Liu’s findings are based on a combination of internal and external IP addresses, which he uses to come up with an estimate of the number of server racks in each region. He then extrapolates: if each rack has a 4 10U chassis, and each chassis holds 16 blades, that gives you a total of 64 blade servers per rack.
In table form, Liu shows the number of servers contained in each of Amazon’s seven regions, for a grand total of 454,400. It’s worth noting that the US East hub, Amazon’s first, has the lion’s share with 321,920. Based on this, Liu infers that “it is hard to compete with Amazon on scale in the US, but in other regions, the entry barrier is lower. For example, Sao Paulo has only 25 racks of servers.”
Liu has also charted the expansion of Amazon’s US-based infrastructure over the past six months, from August. 23, 2011, to February 23, 2012, remarking on the impressive growth rate. According to his work, the US East region has been adding an average of 110 server racks per month. Liu points out that although the growth rate is linear, it has slowed down some over the past couple of months.

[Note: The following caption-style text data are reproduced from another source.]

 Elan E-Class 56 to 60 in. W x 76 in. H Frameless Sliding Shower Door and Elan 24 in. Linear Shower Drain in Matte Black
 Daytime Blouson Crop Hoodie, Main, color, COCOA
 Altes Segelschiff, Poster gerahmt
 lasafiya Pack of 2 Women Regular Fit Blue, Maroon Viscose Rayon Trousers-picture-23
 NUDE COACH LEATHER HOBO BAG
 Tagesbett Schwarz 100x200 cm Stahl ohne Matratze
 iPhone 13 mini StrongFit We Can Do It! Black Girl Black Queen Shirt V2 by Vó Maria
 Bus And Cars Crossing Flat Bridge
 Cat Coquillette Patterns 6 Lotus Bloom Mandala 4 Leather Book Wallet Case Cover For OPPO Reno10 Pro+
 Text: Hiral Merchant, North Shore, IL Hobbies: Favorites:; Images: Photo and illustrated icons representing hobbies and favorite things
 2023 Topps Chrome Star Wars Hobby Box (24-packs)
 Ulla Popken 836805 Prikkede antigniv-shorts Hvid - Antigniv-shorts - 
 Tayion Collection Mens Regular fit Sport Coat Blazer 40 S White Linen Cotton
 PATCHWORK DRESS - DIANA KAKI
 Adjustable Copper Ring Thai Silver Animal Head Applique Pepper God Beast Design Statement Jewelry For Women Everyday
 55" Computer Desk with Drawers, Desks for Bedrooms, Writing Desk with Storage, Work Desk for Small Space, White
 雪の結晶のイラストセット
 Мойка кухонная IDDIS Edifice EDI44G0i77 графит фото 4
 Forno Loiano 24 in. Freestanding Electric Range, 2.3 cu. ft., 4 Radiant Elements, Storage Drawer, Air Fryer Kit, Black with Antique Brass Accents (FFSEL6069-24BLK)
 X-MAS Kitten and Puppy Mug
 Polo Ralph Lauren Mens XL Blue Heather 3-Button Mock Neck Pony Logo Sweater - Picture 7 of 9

How did he do it? Liu writes:
Figuring out EC2′ size is not trivial. Part of the reason is that EC2 provides you with virtual machines and it is difficult to know how many virtual machines are active on a physical host. Thus, even if we can determine how many virtual machines are there, we still cannot figure out the number of physical servers. Instead of focusing on how many servers are there, our methodology probes for the number of server racks out there.
There’s a lot more to it than that, and Mr. Liu lays out his methodology in detail, providing the following notes as a summary of the process:
- Enumerate all public IP addresses EC2 uses
- Translate a public IP address to its public DNS name (e.g., ec2-50-17-204-150.compute-1.amazonaws.com)
- Run a DNS query inside EC2 to get its internal IP address (e.g., 10.2.13.243).
- Derive the rack’s IP range from the internal IP address (e.g., 10.2.12.x/22).
- Count how many unique racks we have seen, then multiple it by the number of physical servers in a rack (I assume it is 64 servers/rack).
Mr. Liu is quick to point out that these figures are estimates, based on a number of educated assumptions, but they are the best figures we have so far, and are helping to inform the larger cloud conversation. Besides as Liu notes, “the methodology is fully documented.” He invites “inquisitive minds” to read over his findings and to point out flaws in his process. For its part, the community has done just that; the story has already been picked up by a number of news outlets in the last few days.